The Shvus Yaakov says the above hekesh is not Min HaTorah, it is Mi’deRabbonon and the hekesh is just an asmachta. The Rambam is therefore lenient when it comes to an elderly Kohen or a sick Kohen permitting them to sit, bdieved. The Be’er Heiteiv, in the name of the Kneses Hagdola, Panim Meiros and Noda BiYehuda argue with this position. They all hold that standing is an ikuv and if a Kohen can’t stand, it is better for him not to duchen at all.  

The Magen Avraham in Orach Chaim 128:22 says that only the Kohanim need to stand, but the tzibbur may sit. The Mishna Berura 128:51 brings the Meiri and the Eshkol that the tzibbur must also stand. The Rokeach explains the above posuk by saying that Aharon lifted his hands “El Ha’am,” the tzibbur moved from their designated place to stand before the Kohanim. The Geonim write that it is required for the tzibbur to take a step closer to the Kohanim to receive their bracha.

Rava, the son of Rav Huna, says in Sota 31a that once the Sefer Torah is opened one is not allowed to talk, even in Halacha, as the posuk tells us when they opened everyone stood. Standing means being quiet, as we find in Iyov 32:16, “I waited and did not speak because we stood at attention.” The Shailos U’teshuvos Binyamin Zev 163 quotes this Gemara and says that despite the fact that we learn from the posuk that one has to be quiet, we still learn the pashut pshat that one needs to stand. The Rema 146:4 says that one should be stringent and stand. The Mishna Berura 19 says that despite mei’ikar dina one does not need to stand; it is nevertheless preferable to stand. A person should feel as if he was mekabel the Torah on that day. It will help the person concentrate. In the event that standing will cause a lack of concentration, it is better for the person to sit. The Arizal would sit during the entire Krias HaTorah including while the Oleh said Barchu

The Shulchan Aruch 422:7 paskens that one should stand while saying Hallel over the year. The Bais Yosef explains that we learn this from a posuk in Tehillim that says “Hallelu” and then says the words ”Ha’omdim baleilos.” The Pri Chadash says we learn this from the fact that saying Hallel is like a hagadas eidus, and eidim usually testify while standing. The Taz s.4 brings a different proof as the Yidden said Hallel on Erev Pesach in the azarah and no one besides a king from Shevet Yehuda was allowed to sit in the azara. The Toras Chaim in Hilchos Brachos 219:4 writes that according to the Rambam one may sit during Hallel as the Rambam does not mention standing for Hallel.
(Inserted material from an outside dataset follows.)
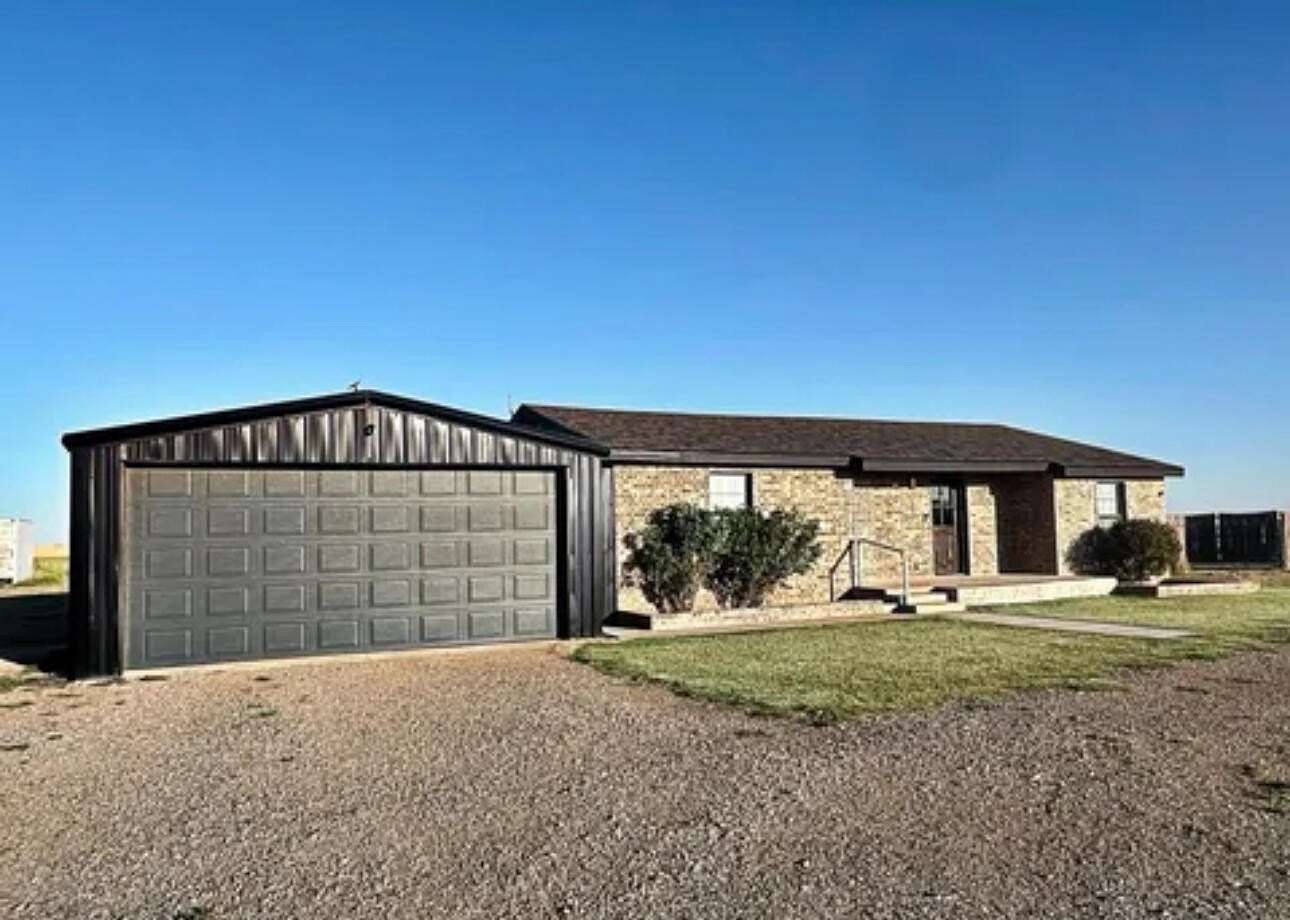 1.84 Acres of Land with Home for Lease in Wolfforth, Texas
              We find in the Poskim that the Hallel we say during the seder on Pesach is said while seated. One reason for this is that Hallel is said in a split way: part of it during Magid, and the rest at the end of the Seder. The reason we split Hallel is because the first part of Hallel discusses Yetzias Mitzrayim, which is apropos for Magid. On the other hand, the rest of Hallel discusses the future geula, which is apropos for the end of the Seder where we daven to be redeemed for our final redemption. Another reason is that since the Seder is done when we are leaning back “be’heseiva,” the Chachamim were not matriach a person to have to stand during Hallel of the Seder.

May we be zocheh to say Hallel while we are makriv the Korban Pesach in thanks ofr the final redemption.